Last week the Ontario Court of Appeal released its decision in Carrigan v. Carrigan Estate 2012 ONCA 736 which will have an impact on who may be entitled to pension death benefits under the Pension Benefits Act. The Court was asked to address the following question: who receives the pension death benefit when the member of a pension plan dies and is survived by both a common law spouse and a legally married spouse from whom he was separated but who was also designated as a beneficiary of his pension plan?
Melodee and Ronald Carrigan were married in 1973 and remained legally married until his death in 2008. In 2002 Mr. Carrigan had designated Mrs. Carrigan and their daughters as the beneficiaries of his death benefit of his pension plan. The Carrigans separated in January 2000 when Mr. Carrigan began living with the respondent Jennifer Quinn. Mr. Carrigan continued to live with Ms.

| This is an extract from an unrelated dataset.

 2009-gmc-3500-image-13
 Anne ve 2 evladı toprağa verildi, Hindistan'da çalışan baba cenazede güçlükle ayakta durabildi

Quinn until his death.
The Decision at First Instance
The trial judge held that while both Mrs. Carrigan and Ms. Quinn met the statutory definition of spouse under section 48 of the Pension Benefits Act, there could only be one spouse for the purposes of the Act. As Ms. Quinn was living with Mr. Carrigan at the time of his death, the trial judge held Ms. Quinn was the spouse who was entitled to his death benefit. The trial judge also rejected Mrs. Carrigan’s second argument that she and her two daughters were entitled to the death benefit as they were the designated beneficiaries. The court held that they would have only received the benefit as beneficiaries when there is no eligible spouse. Mrs. Carrigan appealed.
The Court of Appeal allowed the appeal in a two-one decision written by Justice Juriansz (Justice Epstein concurred and Justice LaForme dissented). In reaching its decision, the Court completed a statutory interpretation of section 48 of the Pension Benefits Act which provides that a “spouse” of a member of a pension plan on the date of death is entitled to the pension death benefit. However, section 48(3) provides that no payment will be made “where the member or former member and his or her spouse are living separate and apart on the date of death”.
The Court held that assuming that both Mrs. Carrigan and Ms. Quinn met the statutory definition of “spouse”, s. 48(3) would apply in these circumstances as Mrs. Carrigan was “living separate and apart” from Mr. Carrigan at the date of death. Once s. 48(3) was triggered, s.48(1) which entitles a “spouse” to the death benefit, did not apply, full stop. If s.48(1) was rendered inapplicable, Ms. Quinn would not be entitled to the death benefit, even though she was also a “spouse” as defined in the Pension Benefits Act, and even though she was not living separate and apart from Mr. Carrigan. The Court then went on to find that as there was no spousal entitlement, Mr. Carrigan’s designated beneficiaries, Mrs. Carrigan and his daughters, were entitled to the death benefit under s.48(6) of the Pension Benefits Act.
However, in dissenting reasons, Justice LaForme held that the Act does not stop a person from effectively having two spouses with equal rights of entitlement to the death benefit. He also held that the Act clearly favours whichever spouse (whether married or common-law) was living with the pension-holder on the date of death. He would have dismissed the appeal.
The majority decision seems to have made new law which provides that a common-law spouse’s entitlement to a pension member’s death benefit will be denied whenever that member has a previous legally married spouse who the member was separated from but never divorced. This decision will result in more death benefits going to the person or persons designated as beneficiaries than to spouses, in these circumstances.